■ **TASK PROMPT**
Restate the records that follow word for word. Omit the images.

■ **INFORMATION SUPPLIED**
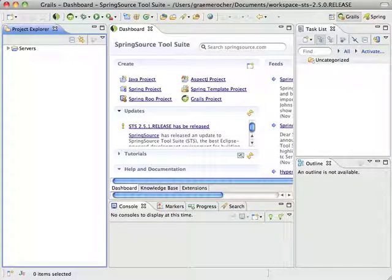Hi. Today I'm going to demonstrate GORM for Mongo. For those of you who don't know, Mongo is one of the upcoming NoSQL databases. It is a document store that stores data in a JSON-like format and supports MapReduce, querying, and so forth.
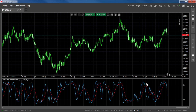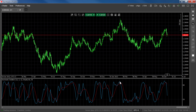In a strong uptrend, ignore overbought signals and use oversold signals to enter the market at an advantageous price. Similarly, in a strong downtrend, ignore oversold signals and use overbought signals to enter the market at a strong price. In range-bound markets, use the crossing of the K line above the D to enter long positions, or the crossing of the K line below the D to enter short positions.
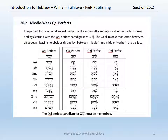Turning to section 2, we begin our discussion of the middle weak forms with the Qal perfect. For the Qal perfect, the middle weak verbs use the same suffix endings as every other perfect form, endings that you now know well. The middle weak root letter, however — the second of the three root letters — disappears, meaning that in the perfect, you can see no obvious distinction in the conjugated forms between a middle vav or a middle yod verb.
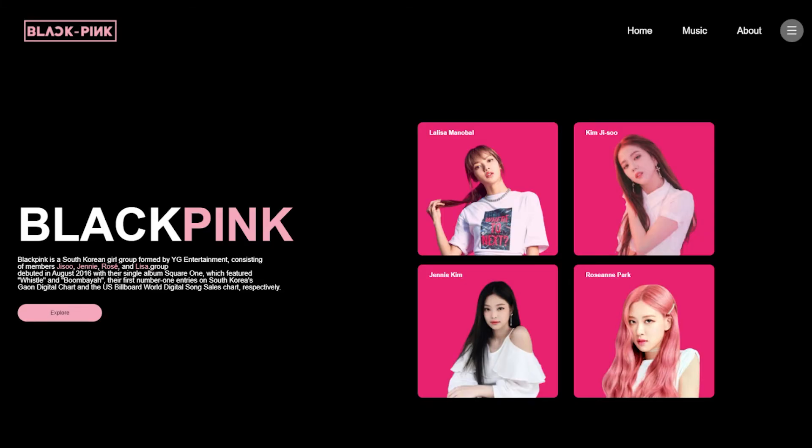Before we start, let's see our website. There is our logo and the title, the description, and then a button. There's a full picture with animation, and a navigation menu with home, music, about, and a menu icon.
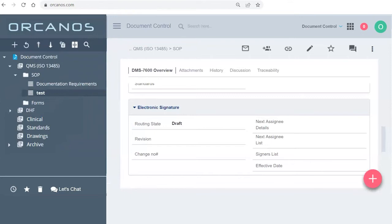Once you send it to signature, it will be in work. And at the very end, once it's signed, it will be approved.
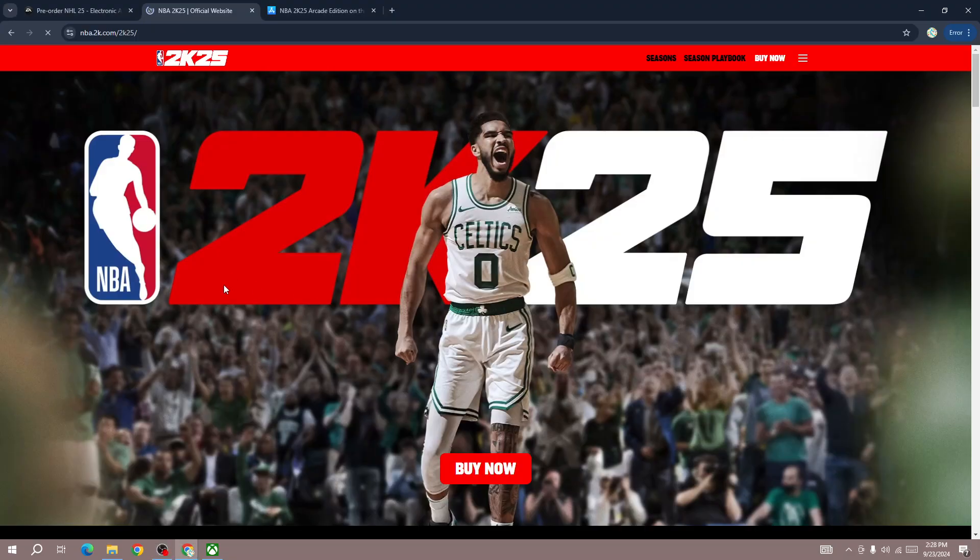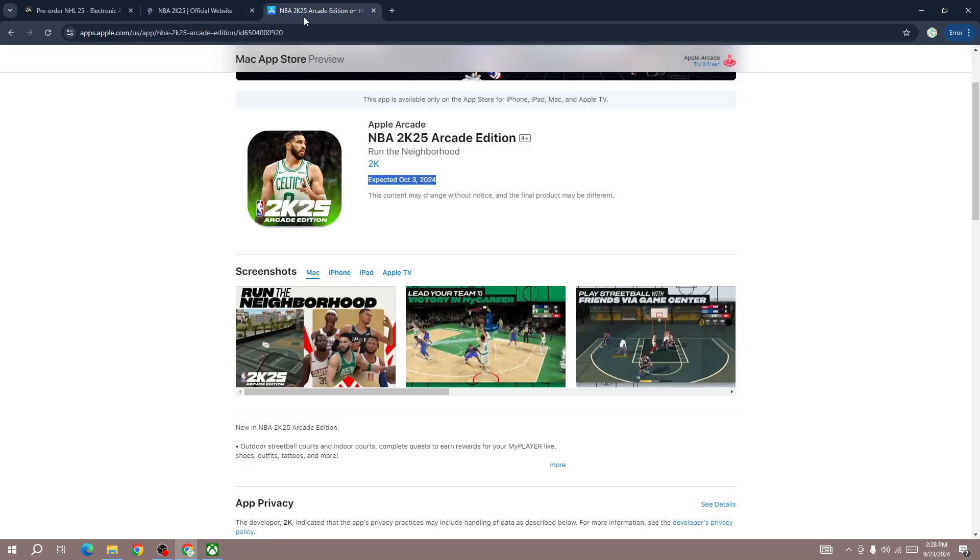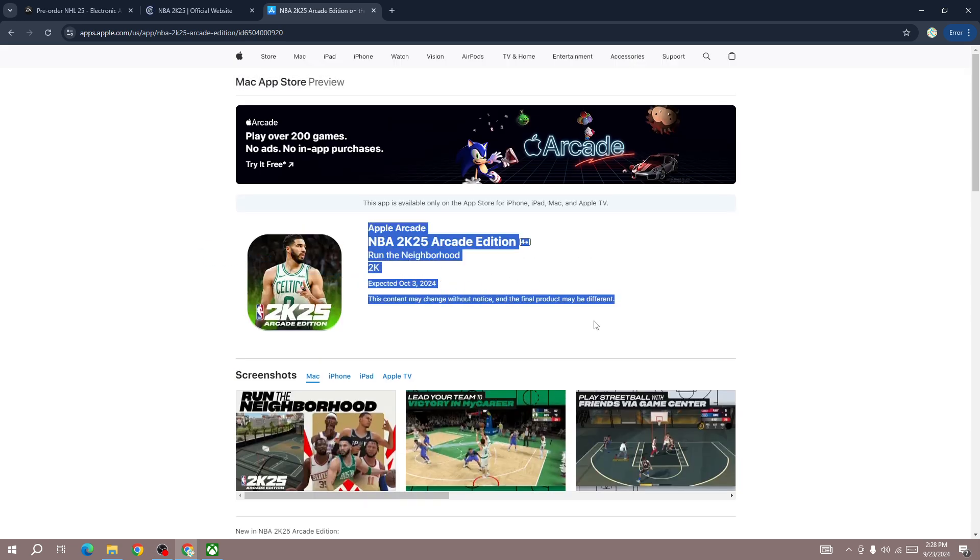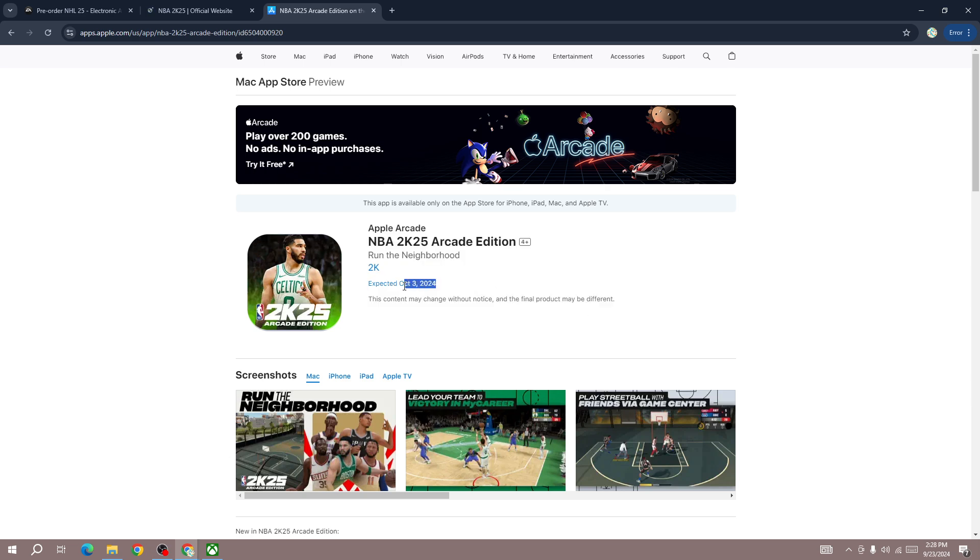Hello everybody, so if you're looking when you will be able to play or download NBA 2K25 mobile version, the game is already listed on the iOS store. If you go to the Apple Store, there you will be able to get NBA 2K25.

■ **SOLUTION TO THE EXERCISE**
Hi. Today I'm going to demonstrate GORM for Mongo. For those of you who don't know, Mongo is one of the upcoming NoSQL databases. It is a document store that stores data in a JSON-like format and supports MapReduce, querying, and so forth.
In a strong uptrend, ignore overbought signals and use oversold signals to enter the market at an advantageous price. Similarly, in a strong downtrend, ignore oversold signals and use overbought signals to enter the market at a strong price. In range-bound markets, use the crossing of the K line above the D to enter long positions, or the crossing of the K line below the D to enter short positions.
Turning to section 2, we begin our discussion of the middle weak forms with the Qal perfect. For the Qal perfect, the middle weak verbs use the same suffix endings as every other perfect form, endings that you now know well. The middle weak root letter, however — the second of the three root letters — disappears, meaning that in the perfect, you can see no obvious distinction in the conjugated forms between a middle vav or a middle yod verb.
Before we start, let's see our website. There is our logo and the title, the description, and then a button. There's a full picture with animation, and a navigation menu with home, music, about, and a menu icon.
Once you send it to signature, it will be in work. And at the very end, once it's signed, it will be approved.
Hello everybody, so if you're looking when you will be able to play or download NBA 2K25 mobile version, the game is already listed on the iOS store. If you go to the Apple Store, there you will be able to get NBA 2K25.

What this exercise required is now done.